Haunched over the garbage heap ravaged by crows, a naked wraith of a man. Look around, no Jesus, no Allah, just the circling raptor passing a jaundiced eye.
On my last day in Bangladesh, on the hour ride through the traffic, people and detritus of Chittagong, on an appropriately rain drenched day, I saw him. There was a man, not a shred of clothing, washed at the moment by a heavy steady shower, bent down beside a pile of garbage taller than he. A crow sat atop the assortment of trash so useless after the multitude of pickings garbage gets on the way to the street that only the one crow and the destitute man showed any interest.
I tried to imagine how that man was as human as I. He had had a mother and father, who may even have had hopes and dreams for him. Perhaps he once had had a lungi and some taka, had taken tea on the street corner with friends. He may have once been a laborer, or a rickshaw driver. Even in Bangladesh you cannot grow to be a man without the minimum of support and nurturing. In Bangladesh, that would include, most likely, some basic Islam. It would have to included at least a lot of rice along the way.

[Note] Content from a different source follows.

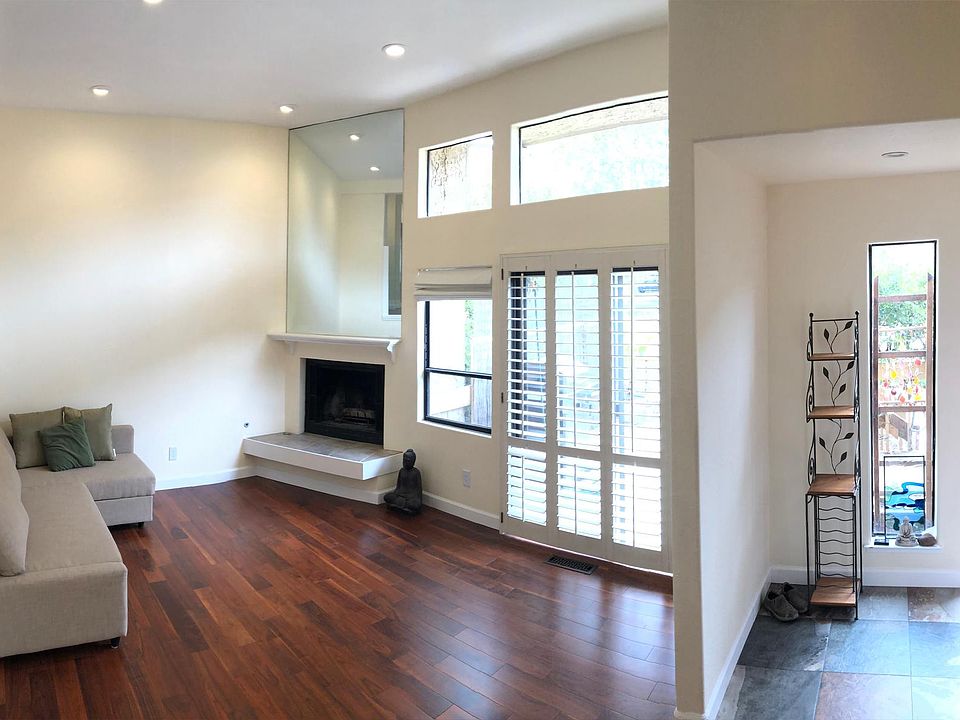 1st image of 3054 Arlington Dr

Yet here he was with nobody caring enough to lend a lungi or another plate of rice. He scraped at the side of the pile of garbage searching for a bit of something-something that still could pass for food. Anything else, anything to be bartered or transformed into a few taka, had been retrieved somewhere between the households and this tall mound at the end of the street. What hadn’t the dogs and birds gotten already?
This image has resonated in my mind now for the near year since we silently drove past it. It reminded me of how helpless we all are without each other, and how we are just naked animals without society. And how much society can utterly fail.The exquisite vulnerability of us all without each other.
I long for and mourn for Bangladesh.